In his review for the Journal of Asian History, Paul D. Buell acknowledged that Elverskog made "a major contribution" in debunking stereotypes of an aggressive Islam and an otherworldly Buddhism. He found the discussion of early Islamic appreciations of India and Buddhism to be among the most interesting parts of the book, but criticised what he saw as a neglect of maritime contacts and of the Chinese side of the Silk Road, arguing that this led to distortions regarding the Muslim presence in Ming-dynasty China.

Ronit Yoeli-Tlalim identified the chapter on halal as compelling in its treatment of food not as nutrition but as "a powerful means of drawing boundaries," and commended Elverskog's methodological point that the absence of Buddhist references in Muslim sources should not be taken as evidence that Buddhism did not exist in those regions. She recommended the book as required reading not only for students of religion and history but also for politicians and religious leaders.

Yang Bin welcomed the work as a multidimensional macro-study whose "breadth, depth, and complexity are highly admirable." He praised Elverskog for refuting popular misconceptions and analysing the historical processes behind their creation. He suggested, however, that the book would have benefited from greater attention to Buddhist–Muslim relations in Southeast Asia and from more extensive consultation of primary Chinese sources.

Historian Zvi Ben-Dor Benite found that the book recast the narrative of Buddhism's exit from Inner Asia in the wake of Islam's entrance, calling Elverskog's undertaking ambitious in part because the region remained under-researched. Ben-Dor Benite thought that "with this book" the history of Buddhist–Muslim interaction "begins wonderfully."

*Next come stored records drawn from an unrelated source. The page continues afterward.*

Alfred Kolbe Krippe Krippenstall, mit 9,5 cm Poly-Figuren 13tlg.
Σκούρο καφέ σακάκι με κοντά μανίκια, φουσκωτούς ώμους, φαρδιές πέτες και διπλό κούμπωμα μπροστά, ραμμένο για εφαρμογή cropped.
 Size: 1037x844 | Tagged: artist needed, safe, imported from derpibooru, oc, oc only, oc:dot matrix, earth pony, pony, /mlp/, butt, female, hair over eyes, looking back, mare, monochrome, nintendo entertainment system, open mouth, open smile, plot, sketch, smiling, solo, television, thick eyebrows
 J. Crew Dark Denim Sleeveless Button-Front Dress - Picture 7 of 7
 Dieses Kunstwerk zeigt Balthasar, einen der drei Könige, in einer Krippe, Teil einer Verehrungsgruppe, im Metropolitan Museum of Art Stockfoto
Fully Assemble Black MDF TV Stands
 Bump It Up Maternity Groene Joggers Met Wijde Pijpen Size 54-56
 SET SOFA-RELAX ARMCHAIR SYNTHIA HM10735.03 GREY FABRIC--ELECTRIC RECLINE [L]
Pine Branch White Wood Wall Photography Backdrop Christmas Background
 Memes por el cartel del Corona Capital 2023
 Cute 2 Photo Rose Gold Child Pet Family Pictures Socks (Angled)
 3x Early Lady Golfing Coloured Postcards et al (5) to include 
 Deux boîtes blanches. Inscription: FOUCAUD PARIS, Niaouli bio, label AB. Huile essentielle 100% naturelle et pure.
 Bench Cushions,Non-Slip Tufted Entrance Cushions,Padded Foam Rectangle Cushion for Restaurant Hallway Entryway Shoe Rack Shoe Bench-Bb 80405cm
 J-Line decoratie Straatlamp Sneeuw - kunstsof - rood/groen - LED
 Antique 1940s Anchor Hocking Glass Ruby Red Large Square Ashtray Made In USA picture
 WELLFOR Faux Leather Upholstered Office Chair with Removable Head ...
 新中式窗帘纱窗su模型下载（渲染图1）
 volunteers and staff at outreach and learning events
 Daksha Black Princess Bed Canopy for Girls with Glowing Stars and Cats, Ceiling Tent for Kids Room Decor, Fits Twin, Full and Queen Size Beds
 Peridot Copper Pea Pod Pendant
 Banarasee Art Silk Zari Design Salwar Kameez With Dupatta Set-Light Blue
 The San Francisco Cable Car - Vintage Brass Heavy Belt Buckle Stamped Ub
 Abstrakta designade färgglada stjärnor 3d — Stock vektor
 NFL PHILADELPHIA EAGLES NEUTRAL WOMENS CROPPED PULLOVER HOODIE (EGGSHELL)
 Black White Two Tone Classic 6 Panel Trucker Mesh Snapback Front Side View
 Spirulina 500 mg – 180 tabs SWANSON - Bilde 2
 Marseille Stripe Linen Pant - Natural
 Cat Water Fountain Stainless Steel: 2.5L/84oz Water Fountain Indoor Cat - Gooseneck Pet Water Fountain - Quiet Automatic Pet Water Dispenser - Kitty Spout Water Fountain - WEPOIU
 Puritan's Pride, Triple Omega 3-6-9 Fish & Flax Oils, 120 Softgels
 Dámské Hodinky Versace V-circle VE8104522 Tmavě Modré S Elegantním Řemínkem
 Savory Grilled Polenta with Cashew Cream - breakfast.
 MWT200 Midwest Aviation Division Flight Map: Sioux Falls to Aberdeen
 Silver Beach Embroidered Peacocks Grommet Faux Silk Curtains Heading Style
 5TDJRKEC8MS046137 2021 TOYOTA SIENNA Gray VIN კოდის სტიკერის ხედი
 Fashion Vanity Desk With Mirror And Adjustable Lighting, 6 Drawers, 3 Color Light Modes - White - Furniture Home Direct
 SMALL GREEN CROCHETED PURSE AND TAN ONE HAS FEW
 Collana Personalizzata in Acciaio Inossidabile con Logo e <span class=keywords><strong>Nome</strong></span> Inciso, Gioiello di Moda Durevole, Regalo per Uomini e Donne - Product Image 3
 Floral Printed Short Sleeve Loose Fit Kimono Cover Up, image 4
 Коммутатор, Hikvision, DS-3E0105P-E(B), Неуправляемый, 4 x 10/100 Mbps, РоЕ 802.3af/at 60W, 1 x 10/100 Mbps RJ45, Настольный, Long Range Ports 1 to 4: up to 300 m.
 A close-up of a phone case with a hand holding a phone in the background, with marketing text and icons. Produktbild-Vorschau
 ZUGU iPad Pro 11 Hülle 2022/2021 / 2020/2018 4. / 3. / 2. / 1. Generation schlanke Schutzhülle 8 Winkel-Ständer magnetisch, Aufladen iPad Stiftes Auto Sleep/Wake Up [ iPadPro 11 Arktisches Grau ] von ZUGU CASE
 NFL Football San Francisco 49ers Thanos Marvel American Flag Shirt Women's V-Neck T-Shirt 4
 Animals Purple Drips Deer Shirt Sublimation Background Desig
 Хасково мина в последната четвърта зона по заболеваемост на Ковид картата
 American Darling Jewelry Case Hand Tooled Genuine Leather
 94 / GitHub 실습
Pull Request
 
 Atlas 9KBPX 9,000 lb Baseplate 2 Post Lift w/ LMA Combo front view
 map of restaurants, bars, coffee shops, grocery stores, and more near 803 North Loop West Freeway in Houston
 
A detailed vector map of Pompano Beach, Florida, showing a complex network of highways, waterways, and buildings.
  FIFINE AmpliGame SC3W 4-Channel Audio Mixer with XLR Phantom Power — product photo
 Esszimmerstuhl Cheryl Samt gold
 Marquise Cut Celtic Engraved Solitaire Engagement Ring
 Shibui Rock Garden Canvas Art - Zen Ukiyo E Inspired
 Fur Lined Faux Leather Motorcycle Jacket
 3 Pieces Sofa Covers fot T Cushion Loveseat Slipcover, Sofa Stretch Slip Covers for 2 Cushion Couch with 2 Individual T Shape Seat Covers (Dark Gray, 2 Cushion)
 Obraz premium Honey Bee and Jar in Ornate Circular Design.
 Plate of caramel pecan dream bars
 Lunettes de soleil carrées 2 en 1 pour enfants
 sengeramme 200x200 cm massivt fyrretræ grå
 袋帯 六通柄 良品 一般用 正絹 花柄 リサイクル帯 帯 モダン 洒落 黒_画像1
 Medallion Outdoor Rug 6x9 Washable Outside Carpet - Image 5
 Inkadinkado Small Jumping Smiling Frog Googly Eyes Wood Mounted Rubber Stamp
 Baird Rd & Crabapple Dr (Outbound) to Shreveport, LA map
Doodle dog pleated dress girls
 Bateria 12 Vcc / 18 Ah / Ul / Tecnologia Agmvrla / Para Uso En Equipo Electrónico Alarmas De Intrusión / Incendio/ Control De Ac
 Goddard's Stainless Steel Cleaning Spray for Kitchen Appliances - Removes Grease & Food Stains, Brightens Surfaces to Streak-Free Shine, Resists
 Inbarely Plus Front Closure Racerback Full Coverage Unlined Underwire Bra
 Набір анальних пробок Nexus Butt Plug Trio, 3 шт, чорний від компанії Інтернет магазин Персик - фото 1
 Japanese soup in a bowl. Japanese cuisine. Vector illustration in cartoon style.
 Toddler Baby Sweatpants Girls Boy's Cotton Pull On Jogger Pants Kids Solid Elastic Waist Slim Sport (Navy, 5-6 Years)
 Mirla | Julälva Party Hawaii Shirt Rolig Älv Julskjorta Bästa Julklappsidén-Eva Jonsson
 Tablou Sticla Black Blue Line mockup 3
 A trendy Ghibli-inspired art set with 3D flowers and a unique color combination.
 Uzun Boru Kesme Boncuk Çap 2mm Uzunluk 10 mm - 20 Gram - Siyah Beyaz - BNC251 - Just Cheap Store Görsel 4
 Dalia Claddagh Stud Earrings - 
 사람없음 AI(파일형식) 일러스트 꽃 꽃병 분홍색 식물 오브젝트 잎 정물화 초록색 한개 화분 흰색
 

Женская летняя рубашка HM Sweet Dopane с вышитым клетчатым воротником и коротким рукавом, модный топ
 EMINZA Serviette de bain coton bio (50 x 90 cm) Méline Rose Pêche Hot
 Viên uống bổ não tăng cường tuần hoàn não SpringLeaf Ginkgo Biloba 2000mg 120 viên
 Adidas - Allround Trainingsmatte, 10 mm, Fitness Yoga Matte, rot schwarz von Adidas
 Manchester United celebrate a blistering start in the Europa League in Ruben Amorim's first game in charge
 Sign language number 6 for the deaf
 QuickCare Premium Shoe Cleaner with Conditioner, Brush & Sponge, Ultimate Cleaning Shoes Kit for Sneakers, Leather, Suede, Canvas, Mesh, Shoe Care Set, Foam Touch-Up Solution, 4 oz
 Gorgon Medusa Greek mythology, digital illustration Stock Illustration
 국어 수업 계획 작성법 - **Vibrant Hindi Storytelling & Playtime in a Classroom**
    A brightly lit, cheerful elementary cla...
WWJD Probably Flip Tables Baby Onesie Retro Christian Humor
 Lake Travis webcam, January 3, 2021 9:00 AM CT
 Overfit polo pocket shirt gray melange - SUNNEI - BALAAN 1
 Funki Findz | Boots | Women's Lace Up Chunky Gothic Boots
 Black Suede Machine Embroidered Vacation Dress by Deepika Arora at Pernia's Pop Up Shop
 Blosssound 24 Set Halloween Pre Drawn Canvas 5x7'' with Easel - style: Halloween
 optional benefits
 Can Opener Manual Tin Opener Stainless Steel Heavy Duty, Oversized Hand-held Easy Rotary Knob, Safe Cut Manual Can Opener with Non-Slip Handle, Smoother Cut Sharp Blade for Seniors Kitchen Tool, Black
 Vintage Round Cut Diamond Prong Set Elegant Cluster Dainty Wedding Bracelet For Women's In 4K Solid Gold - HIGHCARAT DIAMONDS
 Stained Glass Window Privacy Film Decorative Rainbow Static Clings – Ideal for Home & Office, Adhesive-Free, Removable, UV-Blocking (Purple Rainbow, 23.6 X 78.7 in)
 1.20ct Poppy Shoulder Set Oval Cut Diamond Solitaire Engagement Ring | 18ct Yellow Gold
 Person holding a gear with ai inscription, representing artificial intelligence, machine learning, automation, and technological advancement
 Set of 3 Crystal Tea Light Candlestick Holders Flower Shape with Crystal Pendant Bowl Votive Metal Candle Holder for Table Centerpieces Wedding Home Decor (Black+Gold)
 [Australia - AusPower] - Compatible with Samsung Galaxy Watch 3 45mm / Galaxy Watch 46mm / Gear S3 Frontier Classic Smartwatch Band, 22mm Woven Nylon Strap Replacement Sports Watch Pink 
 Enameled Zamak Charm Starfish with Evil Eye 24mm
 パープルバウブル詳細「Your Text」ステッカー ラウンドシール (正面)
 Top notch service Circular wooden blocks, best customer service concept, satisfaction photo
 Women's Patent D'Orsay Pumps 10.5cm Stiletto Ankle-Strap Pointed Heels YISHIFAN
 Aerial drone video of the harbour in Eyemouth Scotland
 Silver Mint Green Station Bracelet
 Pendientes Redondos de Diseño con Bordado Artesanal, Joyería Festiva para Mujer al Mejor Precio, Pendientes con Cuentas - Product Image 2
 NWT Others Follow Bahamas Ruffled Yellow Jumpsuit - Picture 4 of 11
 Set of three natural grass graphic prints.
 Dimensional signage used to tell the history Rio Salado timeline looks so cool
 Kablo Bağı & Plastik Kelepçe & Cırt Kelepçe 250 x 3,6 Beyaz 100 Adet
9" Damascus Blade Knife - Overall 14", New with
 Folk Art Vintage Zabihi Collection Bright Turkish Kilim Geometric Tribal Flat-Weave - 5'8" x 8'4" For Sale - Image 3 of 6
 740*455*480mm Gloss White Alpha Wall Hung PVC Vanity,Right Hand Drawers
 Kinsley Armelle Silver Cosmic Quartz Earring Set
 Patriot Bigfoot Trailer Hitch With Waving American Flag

T. H. Barrett, from SOAS University of London, said that the author banished the "simple clashing of civilizations model" in favour of a picture marked by "an almost fractal complexity." Barrett thought that while the final chapter drew on Elverskog's own research into Mongol sources, the earlier chapters relied on a creative synthesis of existing scholarship, and he expressed hope that future editions would update the bibliography and correct a few factual errors drawn from secondary sources, such as the apparent confusion of the Chinese traveller Wukong with the Korean pilgrim Hyecho.

== Awards ==

The book received the 2011 Award for Excellence in the Historical Study of Religion from the American Academy of Religion.